Help me puzzle out this family mystery

So, I have this ancestor named Elijah STAFFORD. Elijah is a slippery sort. We all got an ancestor like that somewhere, I think; one who’s records are so scattershot the only possible explanation is they didn’t want to be found.

So here’s what we know about Elijah:

Elijah pops out of nowhere in the 1850s with his wife, Nancy WRIGHT. He listed his birth place as all sorts of things from census to census: North Carolina, South Carolina, “not known”, etc. On the 1870 census, Elijah states that his father was foreign-born. Him and his wife put down roots in Cherokee co., Alabama in 1860 and raised a brood of children.

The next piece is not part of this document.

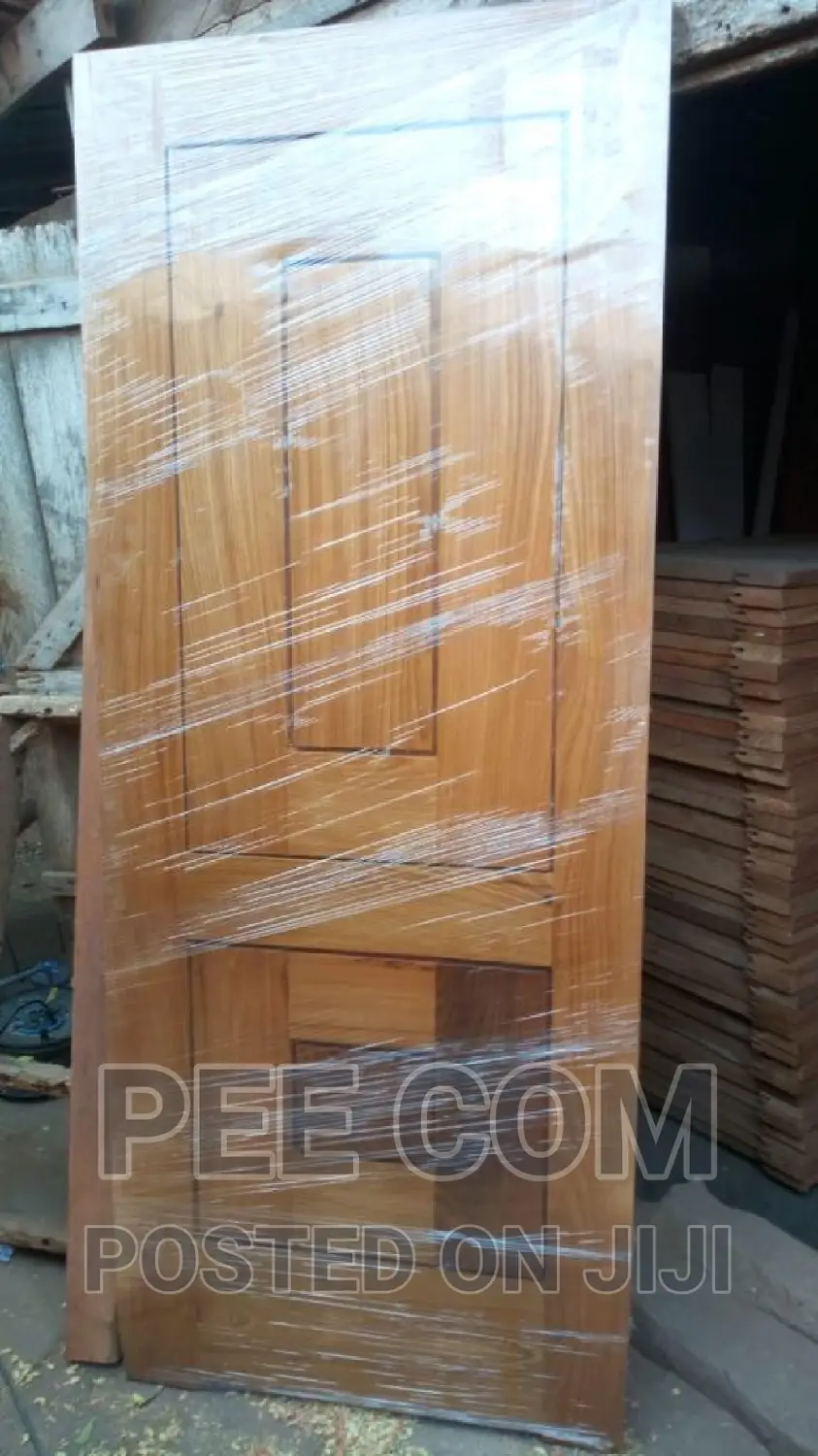 Wooden Door, Frame, Architraves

Now, tracing his wife Nancy’s family isn’t so hard – she was from Gilmer co., Georgia, and a whole pack of her relatives moved with her and Elijah down to Alabama and lived next door to them. Now, checking the Gilmer co. GA marriage records reveals that Nancy WRIGHT married Elijah **HILL **on September 12, 1844. Curioser and curioser.

On the 1920 census, his eldest daughter stated that Elijah was born in Holland and spoke Dutch. Now, this is an interesting claim in that Elijah STAFFORD or Elijah HILL, whichever was his birth name, is not terribly Dutch. However, it seems like an odd detail to just make up (if she was just trying to make her father’s background more exotic, there’s way more exotic places than Holland, and I’m almost surprised she knew they spoke Dutch in Holland rather than ‘Hollandish’).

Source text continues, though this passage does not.